Required action: Leave out the pictures and restate every entry word for word.

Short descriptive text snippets
=== Section Start ===
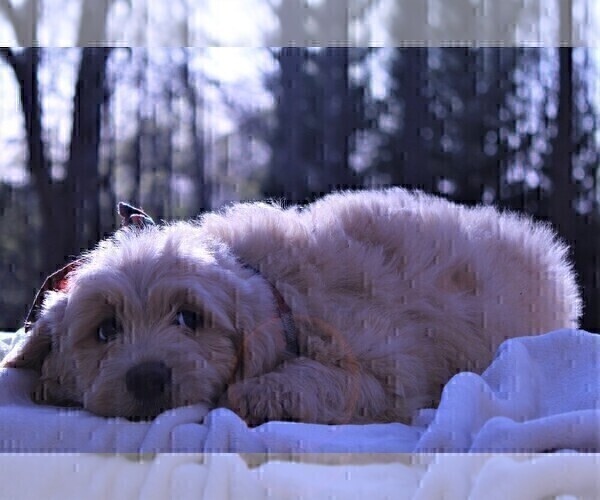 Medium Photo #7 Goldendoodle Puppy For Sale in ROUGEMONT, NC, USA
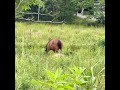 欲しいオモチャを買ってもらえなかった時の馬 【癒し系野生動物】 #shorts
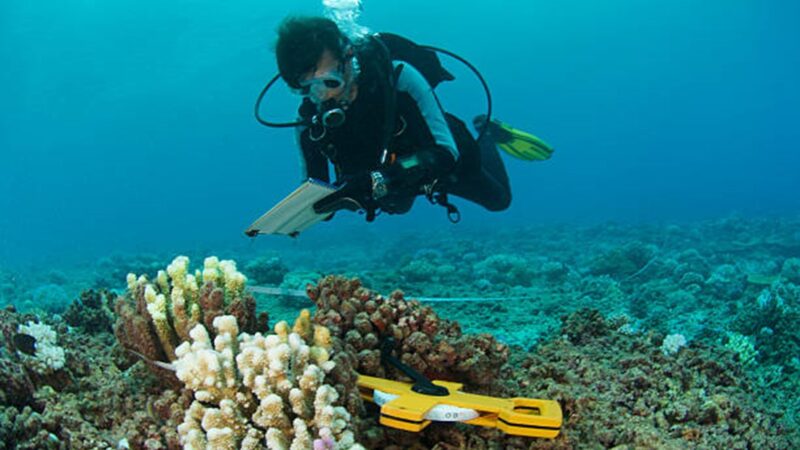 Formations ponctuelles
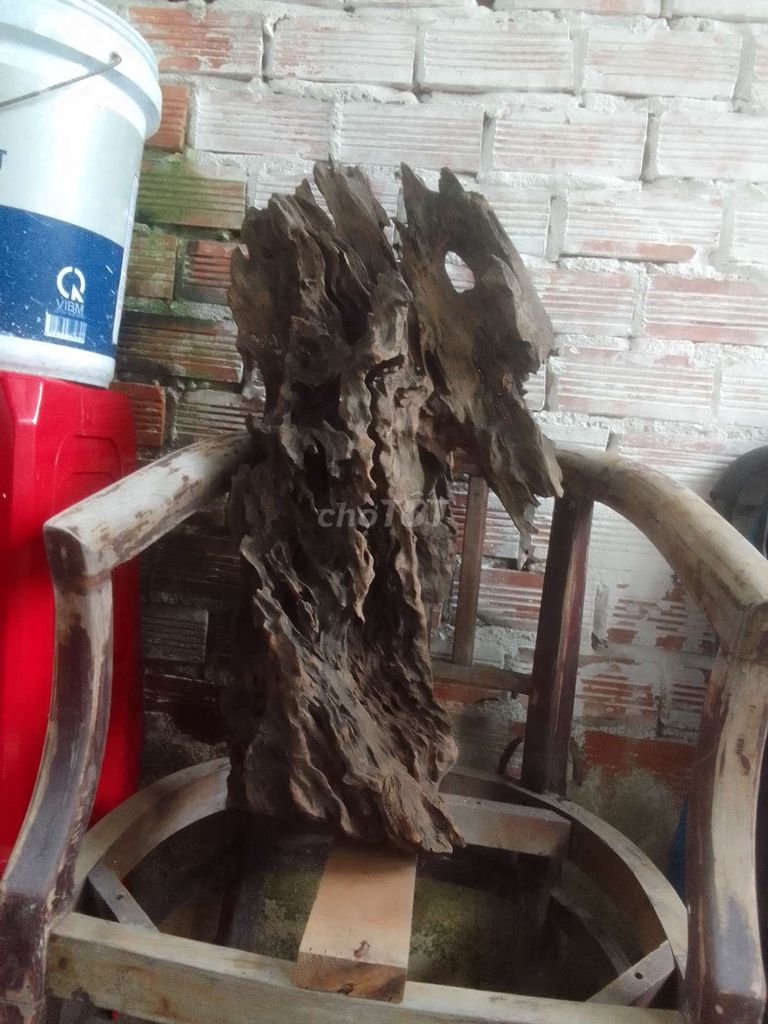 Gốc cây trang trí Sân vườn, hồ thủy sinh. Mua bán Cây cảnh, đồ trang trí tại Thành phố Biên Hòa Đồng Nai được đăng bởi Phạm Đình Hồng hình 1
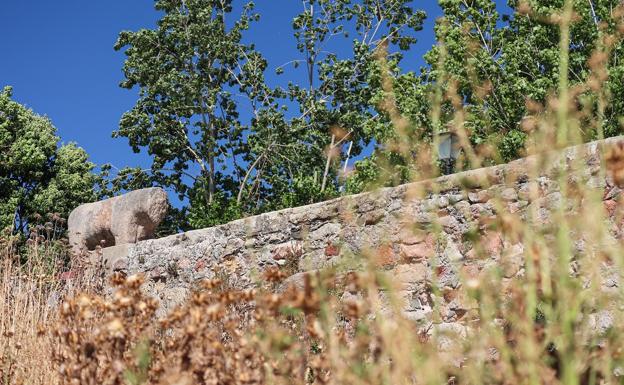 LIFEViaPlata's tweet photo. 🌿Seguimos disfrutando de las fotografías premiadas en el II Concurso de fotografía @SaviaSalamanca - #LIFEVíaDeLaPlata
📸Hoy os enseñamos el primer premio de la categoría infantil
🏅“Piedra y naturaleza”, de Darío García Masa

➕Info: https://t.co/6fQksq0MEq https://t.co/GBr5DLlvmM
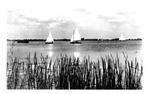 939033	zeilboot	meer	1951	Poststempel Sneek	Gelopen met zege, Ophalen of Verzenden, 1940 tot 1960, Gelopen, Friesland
=== Section End ===
Result:
 Medium Photo #7 Goldendoodle Puppy For Sale in ROUGEMONT, NC, USA
 欲しいオモチャを買ってもらえなかった時の馬 【癒し系野生動物】 #shorts
 Formations ponctuelles
 Gốc cây trang trí Sân vườn, hồ thủy sinh. Mua bán Cây cảnh, đồ trang trí tại Thành phố Biên Hòa Đồng Nai được đăng bởi Phạm Đình Hồng hình 1
 LIFEViaPlata's tweet photo. 🌿Seguimos disfrutando de las fotografías premiadas en el II Concurso de fotografía @SaviaSalamanca - #LIFEVíaDeLaPlata
📸Hoy os enseñamos el primer premio de la categoría infantil
🏅“Piedra y naturaleza”, de Darío García Masa

➕Info: https://t.co/6fQksq0MEq https://t.co/GBr5DLlvmM
 939033	zeilboot	meer	1951	Poststempel Sneek	Gelopen met zege, Ophalen of Verzenden, 1940 tot 1960, Gelopen, Friesland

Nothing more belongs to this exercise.